Our Country: Its Possible Future and Its Present Crisis

2011-02-24 08:51:01

Josiah Strong’s influential 1885 polemic, Our Country: Its Possible Future and Its Present Crisis, represented both America’s sense of manifest destiny and nativist fears as the new immigration began to bring hundreds of thousands of eastern and southern Europeans into the country (see nativism). It became a national best-seller and made Strong a celebrity.

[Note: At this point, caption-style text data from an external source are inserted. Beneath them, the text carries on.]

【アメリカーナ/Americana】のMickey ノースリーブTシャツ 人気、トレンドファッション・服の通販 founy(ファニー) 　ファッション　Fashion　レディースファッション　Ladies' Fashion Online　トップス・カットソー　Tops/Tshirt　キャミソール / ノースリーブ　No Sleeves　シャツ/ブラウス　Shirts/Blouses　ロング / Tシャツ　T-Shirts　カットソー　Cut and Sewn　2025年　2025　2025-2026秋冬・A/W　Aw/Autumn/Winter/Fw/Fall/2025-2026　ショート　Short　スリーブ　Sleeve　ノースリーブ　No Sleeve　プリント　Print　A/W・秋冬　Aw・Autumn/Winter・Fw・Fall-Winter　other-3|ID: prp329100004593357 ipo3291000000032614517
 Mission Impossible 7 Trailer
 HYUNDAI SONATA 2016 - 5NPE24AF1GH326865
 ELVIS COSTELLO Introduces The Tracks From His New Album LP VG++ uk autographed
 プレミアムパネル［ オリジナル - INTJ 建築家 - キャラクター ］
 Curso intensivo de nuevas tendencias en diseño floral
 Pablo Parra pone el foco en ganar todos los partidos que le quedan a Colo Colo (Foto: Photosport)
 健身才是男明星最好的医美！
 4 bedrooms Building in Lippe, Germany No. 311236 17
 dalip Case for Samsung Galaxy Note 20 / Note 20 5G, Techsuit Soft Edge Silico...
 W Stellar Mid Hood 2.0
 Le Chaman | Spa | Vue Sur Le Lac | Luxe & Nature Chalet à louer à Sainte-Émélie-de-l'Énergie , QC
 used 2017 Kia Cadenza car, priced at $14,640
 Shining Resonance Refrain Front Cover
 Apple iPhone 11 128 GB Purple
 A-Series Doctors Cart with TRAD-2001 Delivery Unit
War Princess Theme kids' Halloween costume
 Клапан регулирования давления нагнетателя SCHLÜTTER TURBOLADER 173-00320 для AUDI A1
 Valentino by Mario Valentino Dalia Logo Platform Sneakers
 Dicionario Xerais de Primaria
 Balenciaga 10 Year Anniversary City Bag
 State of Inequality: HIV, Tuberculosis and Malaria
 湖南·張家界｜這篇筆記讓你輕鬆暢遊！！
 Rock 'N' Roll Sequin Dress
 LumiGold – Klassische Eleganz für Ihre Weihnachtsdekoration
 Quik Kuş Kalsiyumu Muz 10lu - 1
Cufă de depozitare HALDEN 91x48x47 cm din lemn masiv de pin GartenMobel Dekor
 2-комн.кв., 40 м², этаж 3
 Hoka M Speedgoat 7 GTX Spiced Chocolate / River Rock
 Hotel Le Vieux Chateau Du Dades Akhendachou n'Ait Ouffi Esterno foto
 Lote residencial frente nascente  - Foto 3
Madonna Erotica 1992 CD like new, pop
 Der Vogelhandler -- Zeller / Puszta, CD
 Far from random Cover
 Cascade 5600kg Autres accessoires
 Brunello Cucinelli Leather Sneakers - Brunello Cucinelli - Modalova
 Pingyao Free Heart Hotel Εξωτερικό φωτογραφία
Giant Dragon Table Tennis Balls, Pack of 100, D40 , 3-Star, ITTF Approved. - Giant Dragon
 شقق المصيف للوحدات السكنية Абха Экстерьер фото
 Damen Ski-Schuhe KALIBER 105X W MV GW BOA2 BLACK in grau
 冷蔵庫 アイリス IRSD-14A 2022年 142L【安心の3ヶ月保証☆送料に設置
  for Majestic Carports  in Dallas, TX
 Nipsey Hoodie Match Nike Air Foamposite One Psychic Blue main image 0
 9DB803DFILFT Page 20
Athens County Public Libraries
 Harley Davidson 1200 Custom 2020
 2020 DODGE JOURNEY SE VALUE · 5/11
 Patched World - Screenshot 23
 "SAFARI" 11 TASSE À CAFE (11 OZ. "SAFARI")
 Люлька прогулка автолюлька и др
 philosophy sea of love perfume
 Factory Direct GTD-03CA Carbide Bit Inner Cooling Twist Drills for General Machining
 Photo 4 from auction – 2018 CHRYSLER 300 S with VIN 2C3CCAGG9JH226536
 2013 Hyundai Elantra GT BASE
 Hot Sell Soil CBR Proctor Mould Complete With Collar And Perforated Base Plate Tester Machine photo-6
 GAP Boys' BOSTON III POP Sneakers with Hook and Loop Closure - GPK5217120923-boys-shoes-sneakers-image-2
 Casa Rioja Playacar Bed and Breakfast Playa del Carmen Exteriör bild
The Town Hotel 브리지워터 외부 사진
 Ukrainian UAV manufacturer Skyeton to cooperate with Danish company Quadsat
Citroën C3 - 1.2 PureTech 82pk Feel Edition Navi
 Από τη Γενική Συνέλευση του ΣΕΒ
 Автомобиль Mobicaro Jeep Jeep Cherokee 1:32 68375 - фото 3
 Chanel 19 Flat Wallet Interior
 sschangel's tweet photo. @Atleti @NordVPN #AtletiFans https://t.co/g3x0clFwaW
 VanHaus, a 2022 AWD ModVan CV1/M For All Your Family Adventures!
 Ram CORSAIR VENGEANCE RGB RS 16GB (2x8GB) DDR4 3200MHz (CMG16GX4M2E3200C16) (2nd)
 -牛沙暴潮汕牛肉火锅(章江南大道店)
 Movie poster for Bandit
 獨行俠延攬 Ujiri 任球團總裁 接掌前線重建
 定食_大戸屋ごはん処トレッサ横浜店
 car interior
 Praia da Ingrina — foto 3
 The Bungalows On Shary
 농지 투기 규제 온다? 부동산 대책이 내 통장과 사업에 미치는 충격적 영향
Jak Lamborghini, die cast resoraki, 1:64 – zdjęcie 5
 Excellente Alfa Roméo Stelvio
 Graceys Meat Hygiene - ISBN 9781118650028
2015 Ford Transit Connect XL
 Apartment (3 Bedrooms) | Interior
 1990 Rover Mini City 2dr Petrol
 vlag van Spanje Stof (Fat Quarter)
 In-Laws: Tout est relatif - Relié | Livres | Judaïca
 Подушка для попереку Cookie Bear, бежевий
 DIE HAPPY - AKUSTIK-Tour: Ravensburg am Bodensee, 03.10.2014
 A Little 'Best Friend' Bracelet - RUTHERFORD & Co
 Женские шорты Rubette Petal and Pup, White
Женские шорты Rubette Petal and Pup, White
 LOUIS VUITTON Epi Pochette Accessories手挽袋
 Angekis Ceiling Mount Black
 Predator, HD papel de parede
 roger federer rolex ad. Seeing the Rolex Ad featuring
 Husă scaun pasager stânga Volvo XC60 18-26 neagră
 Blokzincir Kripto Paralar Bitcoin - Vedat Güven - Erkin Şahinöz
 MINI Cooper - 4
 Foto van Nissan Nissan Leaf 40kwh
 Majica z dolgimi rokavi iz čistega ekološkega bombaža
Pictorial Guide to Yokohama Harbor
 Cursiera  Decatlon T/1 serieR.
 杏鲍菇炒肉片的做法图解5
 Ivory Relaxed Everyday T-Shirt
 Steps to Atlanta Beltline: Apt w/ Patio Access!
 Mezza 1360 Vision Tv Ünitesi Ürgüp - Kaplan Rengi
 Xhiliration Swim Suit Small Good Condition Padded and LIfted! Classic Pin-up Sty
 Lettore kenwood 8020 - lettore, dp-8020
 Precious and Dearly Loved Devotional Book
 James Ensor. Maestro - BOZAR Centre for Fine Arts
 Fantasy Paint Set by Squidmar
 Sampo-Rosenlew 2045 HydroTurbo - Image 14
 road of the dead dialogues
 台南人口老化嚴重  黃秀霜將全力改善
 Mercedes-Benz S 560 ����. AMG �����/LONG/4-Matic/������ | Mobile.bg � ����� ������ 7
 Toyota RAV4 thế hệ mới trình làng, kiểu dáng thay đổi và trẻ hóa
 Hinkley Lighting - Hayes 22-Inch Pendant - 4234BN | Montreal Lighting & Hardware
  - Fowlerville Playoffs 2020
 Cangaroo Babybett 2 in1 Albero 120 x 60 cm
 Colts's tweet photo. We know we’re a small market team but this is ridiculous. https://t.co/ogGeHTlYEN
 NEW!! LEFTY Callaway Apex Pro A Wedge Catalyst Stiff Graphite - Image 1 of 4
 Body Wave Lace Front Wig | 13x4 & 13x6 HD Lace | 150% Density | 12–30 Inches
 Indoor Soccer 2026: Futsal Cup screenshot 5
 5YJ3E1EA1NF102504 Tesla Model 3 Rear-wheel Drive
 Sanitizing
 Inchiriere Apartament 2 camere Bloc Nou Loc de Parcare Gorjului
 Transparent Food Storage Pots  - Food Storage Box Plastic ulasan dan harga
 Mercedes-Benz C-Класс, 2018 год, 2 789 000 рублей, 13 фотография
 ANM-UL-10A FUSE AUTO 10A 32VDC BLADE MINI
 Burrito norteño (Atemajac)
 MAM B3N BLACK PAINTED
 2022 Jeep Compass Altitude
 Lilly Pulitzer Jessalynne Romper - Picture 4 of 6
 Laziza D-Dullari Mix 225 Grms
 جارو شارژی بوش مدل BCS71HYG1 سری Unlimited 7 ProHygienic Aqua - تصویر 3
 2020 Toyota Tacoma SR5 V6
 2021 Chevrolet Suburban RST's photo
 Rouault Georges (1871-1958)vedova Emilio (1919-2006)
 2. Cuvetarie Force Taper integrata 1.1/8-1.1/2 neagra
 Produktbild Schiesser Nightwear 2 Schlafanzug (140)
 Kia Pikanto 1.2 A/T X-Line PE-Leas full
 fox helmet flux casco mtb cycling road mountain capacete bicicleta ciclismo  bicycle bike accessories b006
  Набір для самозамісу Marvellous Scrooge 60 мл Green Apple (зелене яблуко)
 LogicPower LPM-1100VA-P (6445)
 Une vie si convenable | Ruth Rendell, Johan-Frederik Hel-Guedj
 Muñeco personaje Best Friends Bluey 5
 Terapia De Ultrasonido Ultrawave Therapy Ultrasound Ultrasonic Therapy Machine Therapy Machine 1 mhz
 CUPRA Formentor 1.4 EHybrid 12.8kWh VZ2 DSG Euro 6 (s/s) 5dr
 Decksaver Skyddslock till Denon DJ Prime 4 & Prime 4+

A Congregationalist minister and missionary in the American West, Strong was a staunch expansionist, who wholeheartedly embraced the ideals of Anglo-Saxon civilization and its benefits for the uncivilized world. He believed that the English-speaking peoples were favored by God and that in “the final competition of races,” they would eventually “move down upon Mexico, down upon Central and South America, out upon the islands of the sea, over upon Africa and beyond.” This would be accomplished by taking trade and the Christian gospel to the world. Strong argued that Catholics could not be good U.S. citizens, as they owed their first allegiance to the Roman Catholic Church. There is, he wrote, “an irreconcilable difference between papal principles and the fundamental principles of our free institutions.” Strong was also an early proponent of the Social Gospel movement, seeking to serve God by improving the condition of the poor. He helped found the League for Social Service and the Federal Council of Churches. Our Country was provided as an outline for a progressive and healthy America, an important part of which was immigration restriction.